### Dataset extract
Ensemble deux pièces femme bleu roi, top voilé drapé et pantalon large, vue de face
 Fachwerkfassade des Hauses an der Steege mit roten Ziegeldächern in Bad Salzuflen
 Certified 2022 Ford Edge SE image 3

...

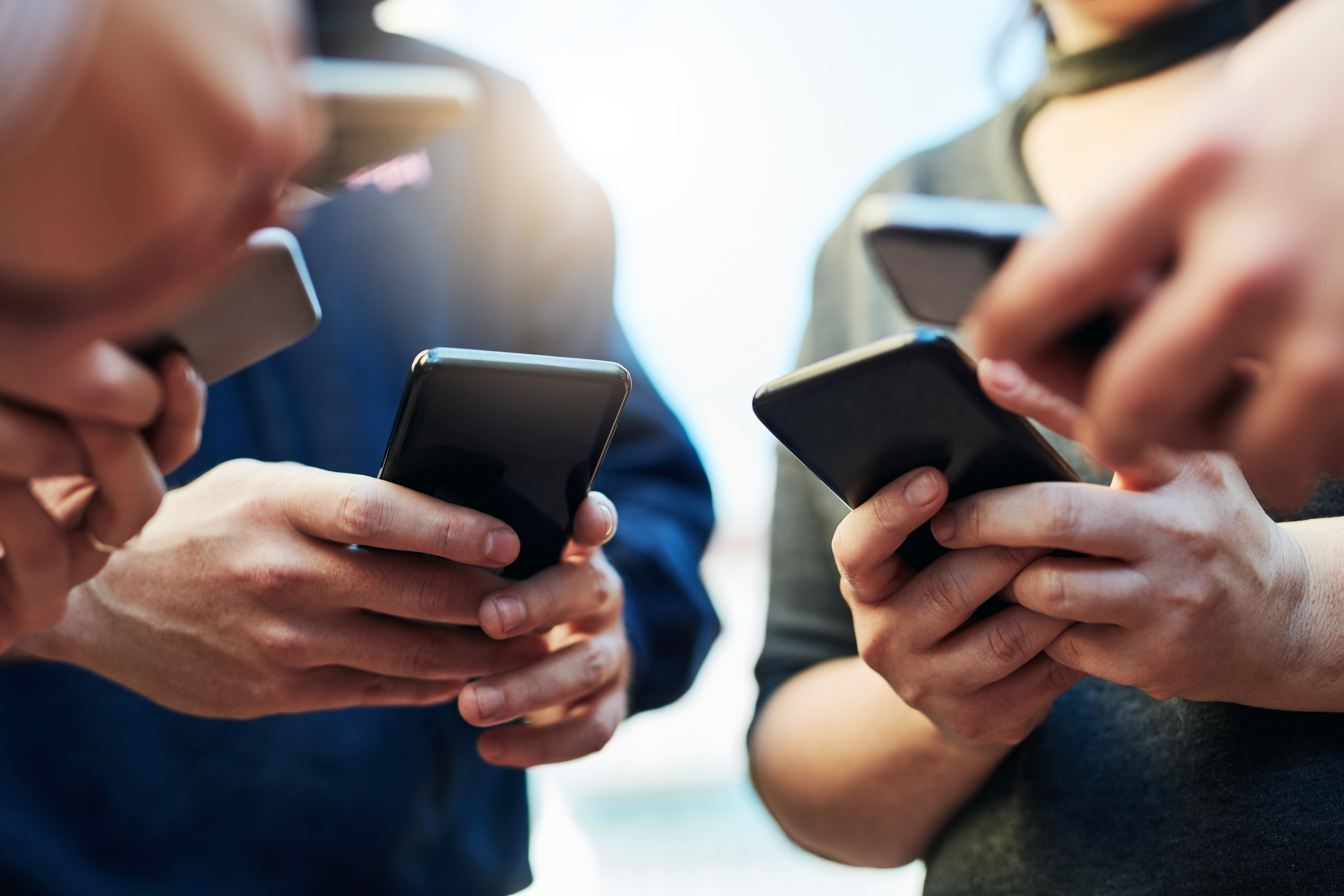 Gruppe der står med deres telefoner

### Exercise
Using the listing above, copy exactly the line that contains "Ensemble deux pièces", the line that contains "Certified 2022 Ford Edge SE image 3", and each line that falls between them.

### Answer to this task
Ensemble deux pièces femme bleu roi, top voilé drapé et pantalon large, vue de face
 Fachwerkfassade des Hauses an der Steege mit roten Ziegeldächern in Bad Salzuflen
 Certified 2022 Ford Edge SE image 3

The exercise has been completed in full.